Truthflow is an app designed for users to assess the accuracy of a news piece by comparing it with multiple other reliable sources of information (such as news articles, governmental websites and peer-reviewed academic journals). The system would return the facts rewritten accurately, as well as the other sources of information used in the verification process.
To understand how our model works, understand what our goal is:
Social media verification based on cross reference with established media outlets and government databases
Start at building our fortée; the datastore: We use Chroma DB to handle our files since it is a lightweight yet powerful Vector DB manager. It is populated with the following data:
- Trendy news collected through the scraper. Our scraper is built with
urlibandBeautifulSoupand can extract text from around the web. This is incidentally also what supplies our social media data extraction. - Processing to extract Exaggeration score and Cross Reference score. The biceps of our model can be found in
Analyser.py. These serve as proxies for validity: Cross reference score : (measures reliability) Convert all into vector embeddings and find similarity scores. The one with the highest average is the best endorsed by the others. Exaggeration score: (measures accuracy) Exaggeration is a specific way in which documents potentially overstate certain aspects of their actual topic. - Storing in Vector DB (of course after chunking and embedding)
Now we are good to go for the day: we can easily retrieve info of the current days.
Then, when we come to the user level there can be two scenarios:
- A user wants to input a link to a social media site In this case our scraper will obtain the text for us.
- The user inputs a picture
We take the picture, squeeze it across the REST API to our Django backend server. Here,
easyocrtakes care of the rest.
All our powerful scrapers can be found in ScraperModels.py.
Text is processed by a series of Foundation Models from a collection of Open Source Generative AI APIs:
- Put simply facts are extracted, verified and then the text is deconstructed to see how the logic fits in.
- Again, go see how
Analyser.pydoes this.
Image is processed by two image to text foundation models
- First extracts the fact that this image expresses; then it is added as a fact to the text model chain
- Second analyses the image based on whether it has been doctored; look for signs that it is a deepfake
The output gives sources that talk about the same topic, so inherently we have built a recommender system. It is able to suggest reading based on vector similarity so the texts found are generally strongly tied not just in meaning but also form to the original source in question.

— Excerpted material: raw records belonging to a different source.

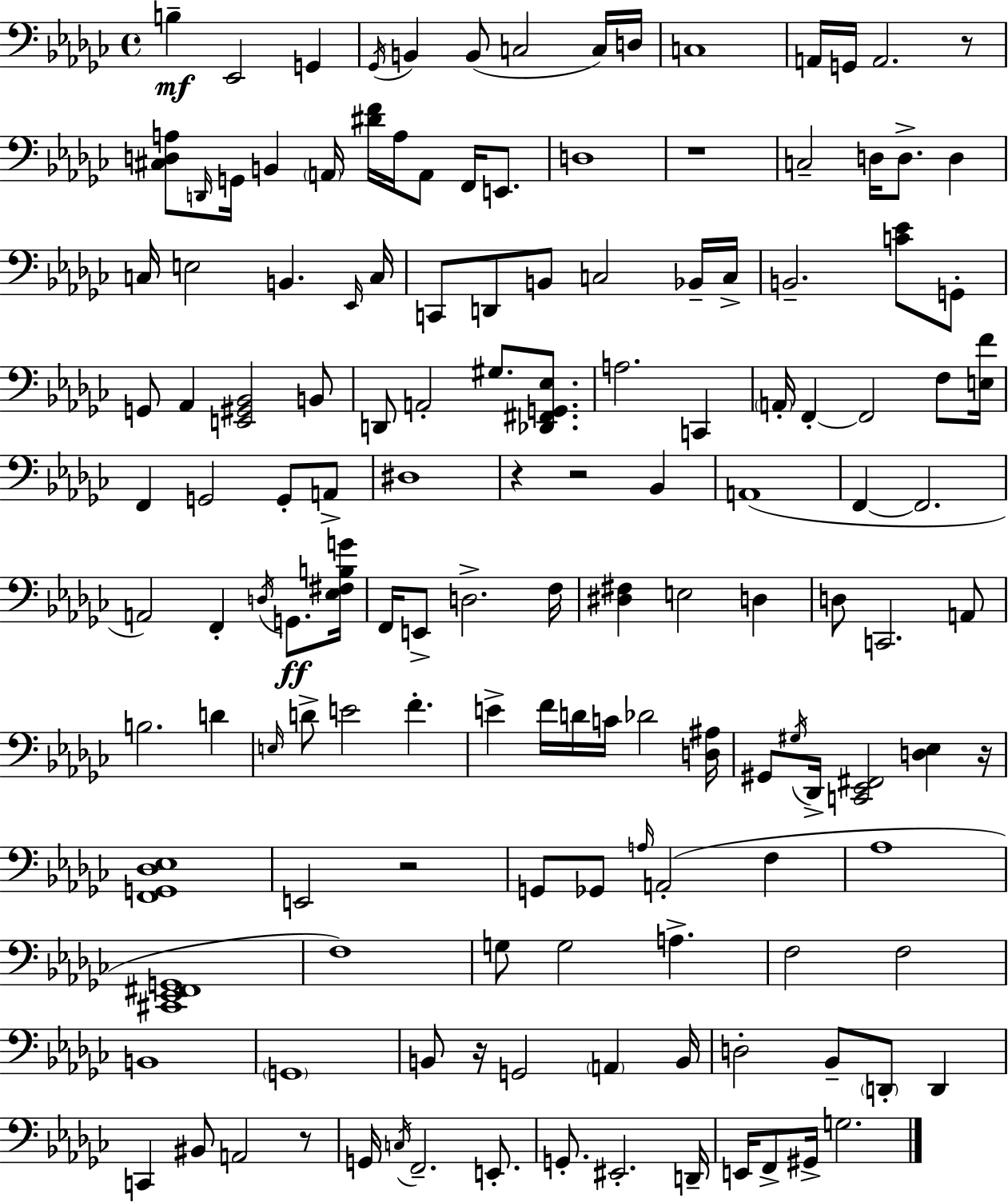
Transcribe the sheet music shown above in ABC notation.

X:1
T:Untitled
M:4/4
L:1/4
K:Ebm
B, _E,,2 G,, _G,,/4 B,, B,,/2 C,2 C,/4 D,/4 C,4 A,,/4 G,,/4 A,,2 z/2 [^C,D,A,]/2 D,,/4 G,,/4 B,, A,,/4 [^DF]/4 A,/4 A,,/2 F,,/4 E,,/2 D,4 z4 C,2 D,/4 D,/2 D, C,/4 E,2 B,, _E,,/4 C,/4 C,,/2 D,,/2 B,,/2 C,2 _B,,/4 C,/4 B,,2 [C_E]/2 G,,/2 G,,/2 _A,, [E,,^G,,_B,,]2 B,,/2 D,,/2 A,,2 ^G,/2 [_D,,^F,,G,,_E,]/2 A,2 C,, A,,/4 F,, F,,2 F,/2 [E,F]/4 F,, G,,2 G,,/2 A,,/2 ^D,4 z z2 _B,, A,,4 F,, F,,2 A,,2 F,, D,/4 G,,/2 [_E,^F,B,G]/4 F,,/4 E,,/2 D,2 F,/4 [^D,^F,] E,2 D, D,/2 C,,2 A,,/2 B,2 D E,/4 D/2 E2 F E F/4 D/4 C/4 _D2 [D,^A,]/4 ^G,,/2 ^G,/4 _D,,/4 [C,,_E,,^F,,]2 [D,_E,] z/4 [F,,G,,_D,_E,]4 E,,2 z2 G,,/2 _G,,/2 A,/4 A,,2 F, _A,4 [^C,,_E,,^F,,G,,]4 F,4 G,/2 G,2 A, F,2 F,2 B,,4 G,,4 B,,/2 z/4 G,,2 A,, B,,/4 D,2 _B,,/2 D,,/2 D,, C,, ^B,,/2 A,,2 z/2 G,,/4 C,/4 F,,2 E,,/2 G,,/2 ^E,,2 D,,/4 E,,/4 F,,/2 ^G,,/4 G,2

The frontend is run on a React server, allowing flexibility while enabling a sophisticated, versatile user interface. On the other hand, Python is used for the backend as the most powerful tool for handling AI applications. It is used to create a REST-API using Django to supply content to the front-end.
Our aim in the foreseeable future is to make Truthflow a chrome extension which runs with your permission, detecting public content on your social media sites simultaneously as you scroll. Thus, protecting you from unknowingly falling face first into any traps lurking online by alerting you when you come across harmful misinformation.